Introducing the OpenAI Safety Bug Bounty program
OpenAI formalized something this week that security researchers have been doing informally for two years: treating AI-specific vulnerabilities as a legitimate, fundable discipline. The company launched a Safety Bug Bounty on Tuesday, a companion to its existing Security Bug Bounty program, specifically targeting AI abuse scenarios that fall outside traditional security vulnerability categories.
The hook is the Model Context Protocol. MCP, the protocol that lets AI assistants hook into external tools and data sources, is now explicitly in scope — and OpenAI set a concrete bar for submissions: the behavior must be reproducible at least 50 percent of the time. That is a higher bar than it sounds. Prompt injection is not a buffer overflow. It is a class of probabilistic manipulation, and getting an attack to fire more often than not against a defended target is genuinely hard.
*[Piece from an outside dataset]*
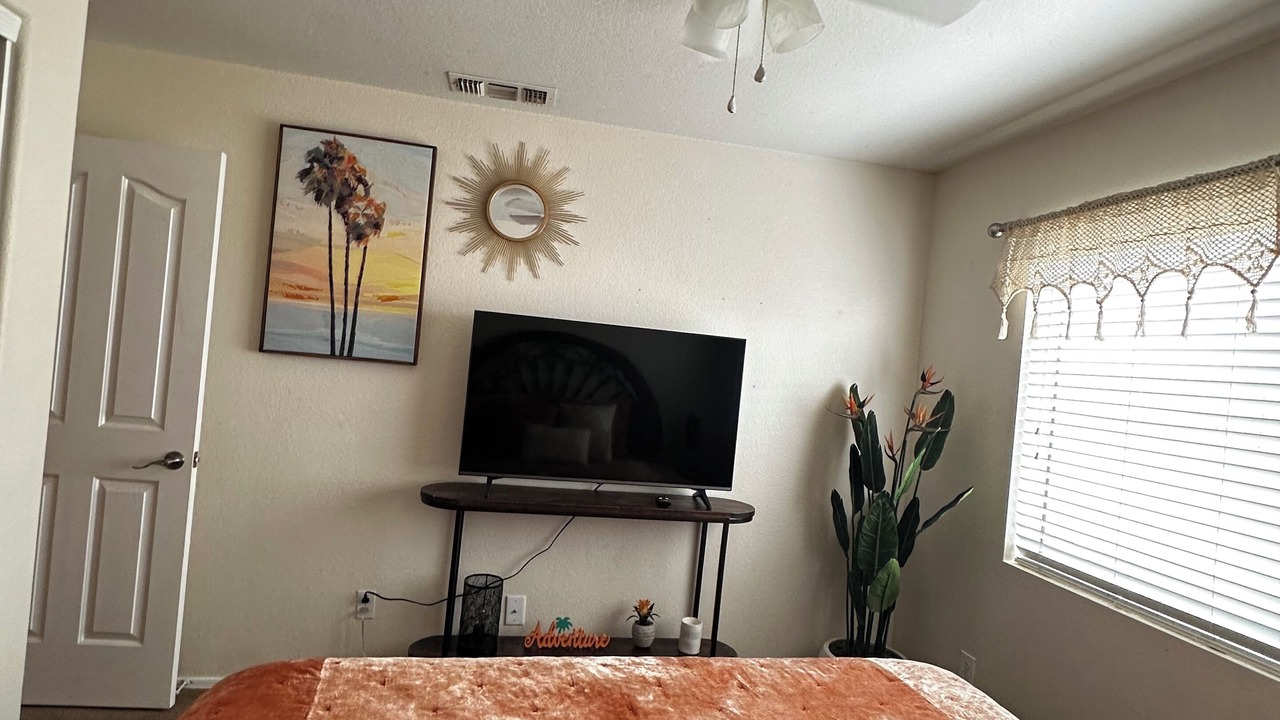 Photo of Bedroom in Bell Park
The real-world context makes this concrete. At RSAC 2026 last week, Michael Bargury, CTO of security firm Zenity, demonstrated zero-click prompt injection attacks against Microsoft Copilot, Google Gemini, Salesforce Agentforce, and ChatGPT. He was not showing theory. He was showing practice. "AI is just gullible," Bargury told The Register. "We are trying to shift the mindset from prompt injection because it is a very technical term and convince people that this is actually just persuasion." The framing is deliberate: the attack surface is not a software bug, it is a conversation. Bargury has covered Cursor and custom agent platforms in separate Zenity research demonstrations, but those were not part of the RSAC demo itself.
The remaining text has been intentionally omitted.